A number of people, especially in Japan, wants to use Emoji in WordPress!

comment:28 @pento4 months ago

In 30345:

When creating a post containing emoji, the post can be saved incorrectly if MySQL isn't using a character set that supports emoji.

This change prevents the save from occurring, so it can be handled correctly in the UI.

See #21212.

comment:29 @pento4 months ago

In 30346:

If a saving a post fails, remove any invalid characters (such as emoji) from the primary text fields, then try to save it again.

See #21212.

comment:30 @TobiasBg4 months ago

[30366] missed the ticket:

WPDB: When removing invalid characters from utf8 strings in older versions of PHP, the regex was too large to be compiled.

Last edited 4 months ago by TobiasBg (previous) (diff)

comment:31 @pento4 months ago

In 30375:

WPDB: When a db.php drop-in is being used, and it doesn't explicitly define itself as connecting to MySQL, skip the character set checks. This ensures that existing drop-ins won't accidentally run checks that they don't support.

See #21212.

comment:32 @pento3 months ago

In 30400:

WPDB: Force STRICT_ALL_TABLES to be enabled as soon as we connect to the MySQL server.

This improves data integrity when inserting and updating rows in the database, particularly when trying to insert emoji into posts stored with character sets that don't support emoji.

See #21212.

comment:33 @pento3 months ago

In 30401:

Fix a MySQL warning in the test_get_adjacent_post_exclude_self_term unit test, caused by [30400].

See #21212, #22112.

comment:34 @nerrad3 months ago

I wonder if slipping [30400] into a late build of 4.1 is a good idea?
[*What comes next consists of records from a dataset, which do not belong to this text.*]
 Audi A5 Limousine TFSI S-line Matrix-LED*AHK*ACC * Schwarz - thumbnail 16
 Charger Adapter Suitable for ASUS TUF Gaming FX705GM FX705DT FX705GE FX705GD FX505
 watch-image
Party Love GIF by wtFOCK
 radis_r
There's likely a lot of plugins (maybe themes) out there that will have code that will start throwing warnings because of the strict checks. (We just noticed it with automated testing in our builds last night). It's a good idea, just needs to either be communicated REALLY well, or maybe delayed.
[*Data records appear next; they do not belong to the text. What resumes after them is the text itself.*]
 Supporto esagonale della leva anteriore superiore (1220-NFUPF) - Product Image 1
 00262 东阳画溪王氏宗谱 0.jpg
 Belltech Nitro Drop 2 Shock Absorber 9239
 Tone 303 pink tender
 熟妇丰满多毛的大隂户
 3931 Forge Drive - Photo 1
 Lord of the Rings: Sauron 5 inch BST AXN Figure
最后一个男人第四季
comment:35 @slackbot3 months ago

This ticket was mentioned in Slack in #core by nerrad. View the logs.

comment:36 @nerrad3 months ago

So here's an example error in our unit testing that came up...

WordPress database error BLOB/TEXT column 'DTT_description' can't have a default value for query CREATE TABLE wptests_esp_datetime ( DTT_ID int(10) unsigned NOT NULL AUTO_INCREMENT,
				  EVT_ID INT UNSIGNED NOT NULL ,
				  DTT_name VARCHAR(255) NOT NULL default '',
				  DTT_description TEXT NOT NULL default '',
				  DTT_EVT_start datetime NOT NULL default '0000-00-00 00:00:00',
				  DTT_EVT_end datetime NOT NULL default '0000-00-00 00:00:00',
				  DTT_reg_limit mediumint(8) DEFAULT -1,
				  DTT_sold mediumint(8) unsigned DEFAULT 0,
				  DTT_is_primary tinyint(1) UNSIGNED NOT NULL DEFAULT 0,
				  DTT_order mediumint(3) unsigned DEFAULT 0,
				  DTT_parent int(10) unsigned DEFAULT 0,
				  DTT_deleted tinyint(1) UNSIGNED NOT NULL DEFAULT 0,
						PRIMARY KEY  (DTT_ID),
						KEY EVT_ID (EVT_ID),
						KEY DTT_is_primary (DTT_is_primary) ) ENGINE=InnoDB DEFAULT CHARSET=utf8 COLLATE=utf8_general_ci

Obviously, that reveals where our sql can be corrected. However I suspect there will be a number of plugin authors and potentially theme authors who will have similar sql that fails strict standards and depending on who coded, might not understand what the problem is right away.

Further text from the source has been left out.